# Expanding the Fursuit Head



## Pine (Jan 18, 2012)

Back in November, I received my first fursuit head in the mail. While putting it on, however, I noticed how tight it was. It wasn't too tight so I was still able to breathe, see, and move the jaw properly, but after a certain period of time (usually 30 minutes) it starts feeling uncomfortable. I think the main reason behind this is because I made the measurements for my head back in February of 2011, and I sent the information in early March. At this time, my head was shaven, so my hair might be adding a few centimeters to the circumference. That or my head could be growing :V

Would there be any way to stretch out the inside of the head without doing any damage to it? Is there anything I can wear under the head similar to Under-Armor (a Buzz-Lightyear styled thing) that could compress my hair for a better fit?


----------



## Inashne117 (Jan 18, 2012)

Try a swim cap under a balaclava?


----------



## Pine (Jan 18, 2012)

Inashne117 said:


> Try a swim cap under a balaclava?



I was looking for the word. Thank you


----------



## Fay V (Jan 18, 2012)

You could try a tight fitting balaclava. I bought a meriano wool skimask recently and it does a good job of keeping my hair flat. Go to a local ski shop and look at the masks, there's bound to be some of the sweat wicking stuff there. 

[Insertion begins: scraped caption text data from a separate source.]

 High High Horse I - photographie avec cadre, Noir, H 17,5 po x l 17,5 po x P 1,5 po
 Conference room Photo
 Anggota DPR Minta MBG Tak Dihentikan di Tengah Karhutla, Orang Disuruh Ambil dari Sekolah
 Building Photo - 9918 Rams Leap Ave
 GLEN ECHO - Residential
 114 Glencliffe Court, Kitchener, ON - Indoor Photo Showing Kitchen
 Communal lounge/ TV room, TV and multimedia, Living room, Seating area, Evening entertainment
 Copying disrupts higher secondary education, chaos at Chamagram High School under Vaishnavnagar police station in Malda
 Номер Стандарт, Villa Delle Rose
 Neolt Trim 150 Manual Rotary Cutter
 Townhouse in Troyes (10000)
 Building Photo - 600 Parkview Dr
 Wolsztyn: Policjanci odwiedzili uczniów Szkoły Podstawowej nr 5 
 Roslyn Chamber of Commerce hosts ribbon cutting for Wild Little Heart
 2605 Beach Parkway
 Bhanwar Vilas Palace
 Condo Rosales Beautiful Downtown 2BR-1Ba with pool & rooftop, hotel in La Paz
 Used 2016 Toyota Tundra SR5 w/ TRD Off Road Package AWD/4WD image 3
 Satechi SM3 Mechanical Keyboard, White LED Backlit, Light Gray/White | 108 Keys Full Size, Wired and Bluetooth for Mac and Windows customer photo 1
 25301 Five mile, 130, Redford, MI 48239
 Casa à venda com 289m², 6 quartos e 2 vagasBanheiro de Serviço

what's the mask made of anyway?


----------



## Dyluck (Jan 18, 2012)

shave off the first couple layers of your skin and it should fit much better.


----------



## Pine (Jan 18, 2012)

Fay V said:


> what's the mask made of anyway?



The outer layer of the inside is lined with a fabric that is 95% polyester and 5% lycra. The rest of it consists of foam, hard material for the eyes and nose, and of course, the furry outside.


----------



## Unca (Jan 21, 2012)

Dyluck said:


> shave off the first couple layers of your skin and it should fit much better.



I think this is a great idea >:


----------